### [Task input]
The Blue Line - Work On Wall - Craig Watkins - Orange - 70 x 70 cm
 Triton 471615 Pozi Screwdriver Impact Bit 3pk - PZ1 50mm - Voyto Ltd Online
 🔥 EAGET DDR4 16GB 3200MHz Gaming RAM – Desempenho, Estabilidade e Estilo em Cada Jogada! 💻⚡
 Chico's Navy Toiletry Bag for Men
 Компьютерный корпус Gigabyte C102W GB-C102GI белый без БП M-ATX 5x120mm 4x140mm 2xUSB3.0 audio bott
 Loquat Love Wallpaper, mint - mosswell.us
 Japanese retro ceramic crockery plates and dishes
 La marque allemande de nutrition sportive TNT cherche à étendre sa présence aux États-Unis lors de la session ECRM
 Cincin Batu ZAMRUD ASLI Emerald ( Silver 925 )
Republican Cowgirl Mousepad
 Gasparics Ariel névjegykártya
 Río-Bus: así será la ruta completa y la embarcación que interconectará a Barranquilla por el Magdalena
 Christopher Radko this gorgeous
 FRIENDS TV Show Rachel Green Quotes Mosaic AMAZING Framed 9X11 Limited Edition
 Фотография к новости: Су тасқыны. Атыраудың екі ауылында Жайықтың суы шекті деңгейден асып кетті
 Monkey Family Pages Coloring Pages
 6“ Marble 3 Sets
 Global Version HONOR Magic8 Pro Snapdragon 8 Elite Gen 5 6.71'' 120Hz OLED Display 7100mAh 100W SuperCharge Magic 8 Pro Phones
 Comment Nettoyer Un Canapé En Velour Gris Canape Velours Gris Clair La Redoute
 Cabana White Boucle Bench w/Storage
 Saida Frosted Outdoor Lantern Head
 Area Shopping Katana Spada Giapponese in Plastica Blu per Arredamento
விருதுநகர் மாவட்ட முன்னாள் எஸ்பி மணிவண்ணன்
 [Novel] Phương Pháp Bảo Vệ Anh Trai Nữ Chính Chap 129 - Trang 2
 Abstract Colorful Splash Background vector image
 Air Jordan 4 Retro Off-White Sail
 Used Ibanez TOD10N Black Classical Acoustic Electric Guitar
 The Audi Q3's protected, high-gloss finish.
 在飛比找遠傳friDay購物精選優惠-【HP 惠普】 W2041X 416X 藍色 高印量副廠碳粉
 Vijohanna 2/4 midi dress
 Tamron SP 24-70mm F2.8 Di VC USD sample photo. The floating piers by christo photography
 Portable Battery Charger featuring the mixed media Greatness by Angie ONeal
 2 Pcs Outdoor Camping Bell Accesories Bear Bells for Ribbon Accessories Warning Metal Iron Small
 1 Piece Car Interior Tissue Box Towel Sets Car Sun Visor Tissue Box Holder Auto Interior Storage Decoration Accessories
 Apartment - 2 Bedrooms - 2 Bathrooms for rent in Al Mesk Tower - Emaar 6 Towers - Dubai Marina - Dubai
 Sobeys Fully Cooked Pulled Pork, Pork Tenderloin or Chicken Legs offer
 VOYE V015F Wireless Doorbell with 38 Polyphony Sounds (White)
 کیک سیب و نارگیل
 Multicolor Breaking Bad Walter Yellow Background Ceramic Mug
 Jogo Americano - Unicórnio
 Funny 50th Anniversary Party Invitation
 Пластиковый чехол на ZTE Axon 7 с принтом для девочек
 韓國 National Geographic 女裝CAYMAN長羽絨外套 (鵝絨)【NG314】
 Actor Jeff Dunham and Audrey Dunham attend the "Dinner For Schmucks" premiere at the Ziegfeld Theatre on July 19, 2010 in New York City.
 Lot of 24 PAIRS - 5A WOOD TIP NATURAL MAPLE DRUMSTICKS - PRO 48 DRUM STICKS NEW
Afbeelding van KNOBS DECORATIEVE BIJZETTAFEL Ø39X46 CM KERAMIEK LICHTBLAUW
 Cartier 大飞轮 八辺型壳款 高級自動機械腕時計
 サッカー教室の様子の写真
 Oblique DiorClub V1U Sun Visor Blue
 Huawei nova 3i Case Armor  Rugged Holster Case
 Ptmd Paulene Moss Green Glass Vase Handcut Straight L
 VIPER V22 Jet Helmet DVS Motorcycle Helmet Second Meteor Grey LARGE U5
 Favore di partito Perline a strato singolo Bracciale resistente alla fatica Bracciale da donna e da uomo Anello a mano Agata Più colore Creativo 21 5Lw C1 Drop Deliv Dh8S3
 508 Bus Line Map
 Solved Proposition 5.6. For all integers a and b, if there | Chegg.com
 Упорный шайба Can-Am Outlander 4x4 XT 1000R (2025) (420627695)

### [Assignment]
Look through the data above and report every line in which "Green" appears.

### [Exercise response]
 FRIENDS TV Show Rachel Green Quotes Mosaic AMAZING Framed 9X11 Limited Edition
 Ptmd Paulene Moss Green Glass Vase Handcut Straight L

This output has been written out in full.